SetosaSLSW = iris1(1:6,1:3,1)
SetosaSLSW = 
    'Setosa'    'SepalLength'    'SepalWidth'
    'Obs1'      [     5.1000]    [    3.5000]
    'Obs2'      [     4.9000]    [         3]
    'Obs3'      [     4.7000]    [    3.2000]
    'Obs4'      [     4.6000]    [    3.1000]
    'Obs5'      [          5]    [    3.6000]

Here, the row and column headers have been explicitly labeled with metadata.

To extract the data subset, use row, column curly brace indexing:

subset = reshape([iris1{2:6,2:3,1}],5,2)
subset =
    5.1000    3.5000
    4.9000    3.0000
    4.7000    3.2000
    4.6000    3.1000
    5.0000    3.6000

While cell arrays are useful for organizing heterogeneous data, they may be cumbersome when it comes to manipulating and analyzing the data.
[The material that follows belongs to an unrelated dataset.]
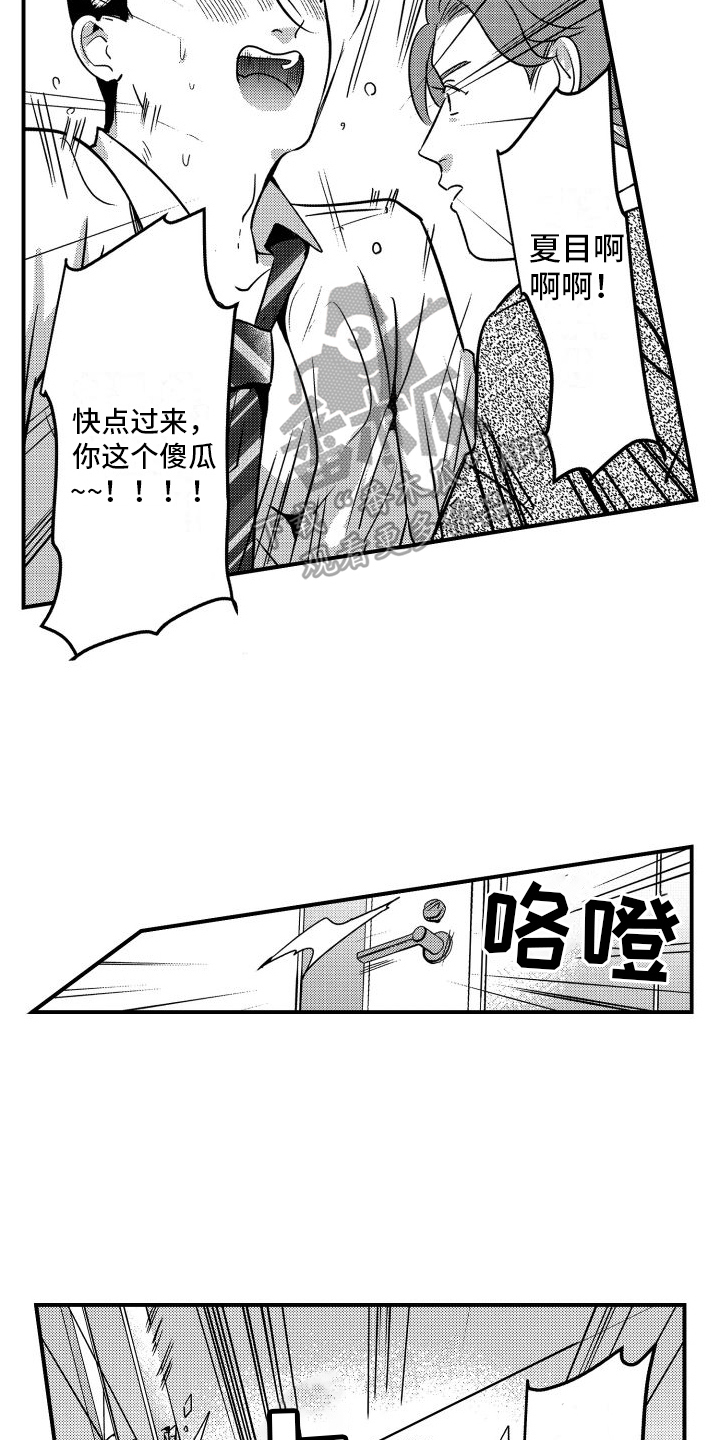 第20章：赶至11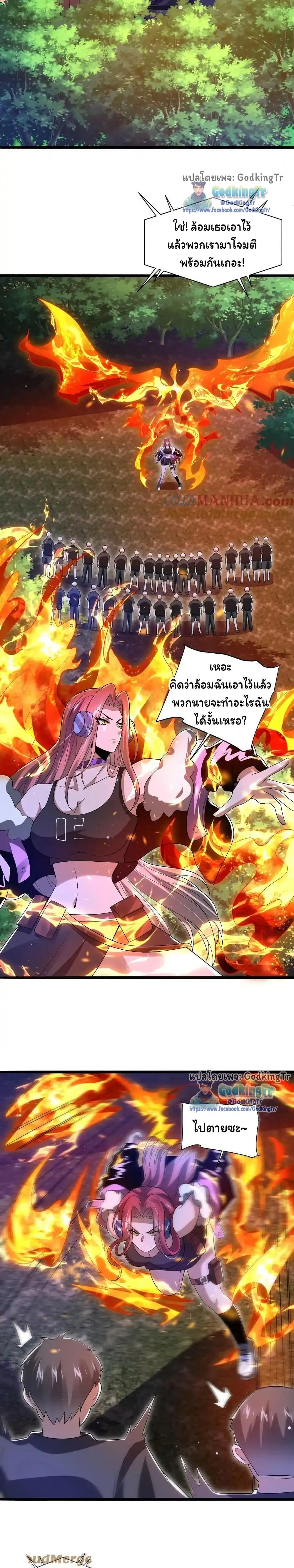 Manga-lc-com อ่านมังงะ อ่านการ์ตูน ออนไลน์ ฟรี Stockpiling Ten Thousand Tons of Pork During the Apocalypse ตอนที่ 1 2 3 4 5 6 7 8 9 10 11 12 13 14 ฟรี ไม่มีโฆษณา Manga-lc - อ่าน มังงะ อ่าน การ์ตูน ออนไลน์ อ่านมังงะ ฟรี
MATLAB and Statistics Toolbox statistical functions do not accept data in the form of cell arrays. For processing, data must be extracted from the cell array to a numerical container variable, as in the preceding example. The indexing can become complicated for large, heterogeneous data sets. This limitation of cell arrays is addressed by dataset arrays (see Dataset Arrays), which are designed to store general statistical data and provide easy access.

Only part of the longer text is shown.